Year 2000 Disclosure

              The Company is aware of the potential for industry wide business
disruption which could occur due to problems related to the "Year 2000 issue."
It is the belief of the Company that the Company has a prudent plan in place to
address these issues. The Components of our plan include: an assessment of
internal systems for modification and/or replacement; communication with
external vendors and simulcast wagering sites to determine their state of
readiness to maintain an uninterrupted supply of goods and services to the
Company; an evaluation of our equipment as to its ability to function properly
after the turn of the century; an evaluation of facility related issues; and the
development of a contingency plan.

              State of readiness

              The Company has developed a comprehensive plan to reduce the
probability of operational difficulties due to Year 2000 related failures. While
there is still a significant amount of work to do, the Company believes that it
is on track towards a timely completion. Overall, the Company estimates the
organization to be approximately 50% complete in regard to the identification
and remediation of Year 2000 issues.

              Internal systems

              The process the Company is following to achieve Year 2000
compliance for internal systems is as follows: The Company expects to have all
of its financial accounting software and hardware components to be year 2000
compliant by the end of 1998. The Company has point of sales cash register
systems throughout the facility. At this time the Company believes its cash
register system will not be affected by the Year 2000 issue.

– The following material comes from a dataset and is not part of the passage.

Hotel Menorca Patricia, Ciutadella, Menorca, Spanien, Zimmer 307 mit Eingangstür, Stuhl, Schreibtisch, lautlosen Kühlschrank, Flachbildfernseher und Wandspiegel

                                                                   Page 17 of 22
<PAGE>   18
                    THE WESTWOOD GROUP, INC. AND SUBSIDIARIES

                               SEPTEMBER 30, 1998

                                   (Unaudited)

              Suppliers

              The Company is in the process of communicating with its external
vendors to gain an understanding of their state of readiness to maintain an
uninterrupted supply of goods and services to the Company. The Company has been
assured by its major suppliers that there will be no interruption of the
delivery of goods and services.

              Equipment

              The Company is in the process of completing an inventory of
currently used equipment at the Company. The Company will determine the Year
2000 readiness through a system upgrade review currently in process and expected
to be complete by December 31, 1998. At this time the Company is not aware of
any equipment which is affected by the Year 2000 issue that will not be repaired
or replaced prior to operating problems. The Company, like most companies,
remains aware of the potential for imbedded logic within microchips to cause
equipment failure. The Company believes that its action plan provides a prudent
approach towards evaluating equipment, however, some equipment may prove not
feasible or impossible to test.

              Facility related issues

              The Company is in the process of completing an inventory and
evaluating facilities related equipment with the potential for Year 2000 related
failures. The Company will determine the Year 2000 readiness through
communication with the equipment manufactures, and service providers, and
testing where appropriate. At this time the Company is not aware of any
facilities related equipment which is affected by the Year 2000 issue that will
not be repaired or replaced prior to operating problems. The Company, like most
companies, remains aware of the potential for imbedded logic within microchips
to cause equipment failure. The Company believes that our action plan provides a
prudent approach towards evaluating production equipment, however, some
equipment may provide not feasible or impossible to test.

              Costs

              The Company is evaluating the total cost of Year 2000 compliance.
At this time the Company estimates the total cost of Year 2000 related
activities to be less than $100,000.

              Contingency  plan

              At this time the Company is not aware of any internal systems or
external vendors issues related to the Year 2000 which would prevent, or
seriously impact the Company from continuing operations before, during, or after
the turn of the century.

              Although the Company believes that it is taking prudent action
related to the identification and resolution of issues related to the Year 2000
our assessment is still in progress. The Company may never be able to know with
certainty whether certain key vendors, simulcast sites, or other race tracks,
are compliant, especially those outside the United States. There are also
technical vagaries to logic imbedded within microchips which may prove not
feasible or impossible to test.

                                                                   Page 18 of 22
<PAGE>   19
                    THE WESTWOOD GROUP, INC. AND SUBSIDIARIES

                               SEPTEMBER 30, 1998

                                   (Unaudited)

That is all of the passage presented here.